What happens to all that crap? That depends on what we do with it.
You’re not gonna like what I’m about to tell you. Once I started to dig into how to handle my dog’s poop in the most responsible, environmentally-friendly way, I didn’t like it either.
If you’re like me, you dutifully scoop your dog’s poop with a biodegradable or compostable bag that you paid good money for. We feel good about buying those bags because we think they’re better for the planet. Newsflash: they’re not. We’ve been had.
I couldn’t find any data on how big the “dog poop bag” business is, but if you search Amazon for that term you get over a thousand hits. Start clicking and you’ll see lots of language (“USDA certified,” “certified compostable,” biodegradable, “made from vegetables”) designed to make you think that those bags will melt away and sprout daisies when they hit the landfill.
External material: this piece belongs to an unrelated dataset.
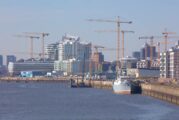 Liebherr puts 25 tower cranes to work on the Überseequartier project in Hamburg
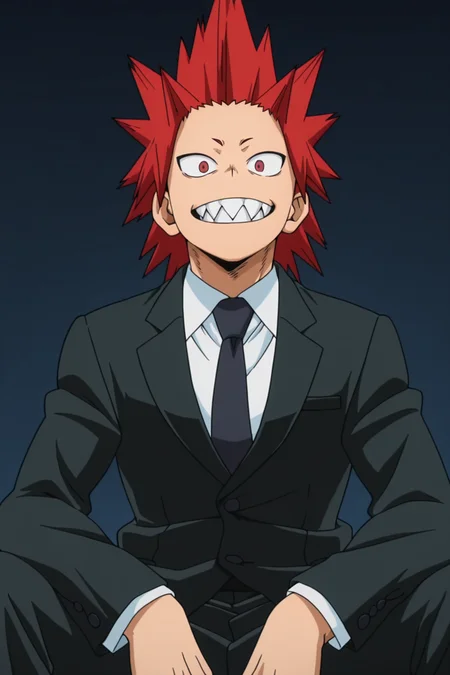<lora:KiriIllustrious:0.8>, 1boy, solo, Kirishima Eijirou, Red hair, Spiked hair, Red eyes, black suit, sitting, from below, simple background, looking at viewer, sharp teeth,official art, official style, anime screencap, masterpiece,best quality,amazing quality,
Problem is, all those certifications are based on commercial composting facilities which engineer the perfect conditions needed for the bags to break down. Those conditions do not exist in the landfill, so the bags simply don’t break down as claimed. Instead, they get buried beneath other garbage and fester, all the while releasing greenhouse gasses into the atmosphere. Lots and lots of greenhouse gasses.
So what’s a responsible dog owner to do? To find out, I reached out to Rose Seemann, author of The Pet Poo Pocket Guide. Seemann is a co-founder of Enviro Pet Waste Network, a nonprofit whose goal is to connect and educate people on sustainably managing pet waste. We talked about all the different ways dog owners deal with their crap and came up with some good, better, and best options.
Good: Bag It
Nobody wants to see–or worse–step in your dog’s daily offering. At the very least, pick it up and throw it away. Some cities will even fine you for not doing so. But the big question is what to pick it up with? There are two basic choices: paper or plastic.
Paper dog poop bag options
I ordered up PoopShark Poop Bags and Pooch Paper. The former is a three-sided bag; the latter is a simple square sheet that you twist shut.
After using these bags for a couple of weeks on woodsy and residential walks that often last an hour or more, I encountered a big drawback: the paper is thin, uncoated, and not designed to encapsulate a wet turd for more than 15 or 20 minutes. After that, things get start to get a little sketchy. I found I had to carry a backup plastic bag, which defeats the purpose of choosing a paper scooper.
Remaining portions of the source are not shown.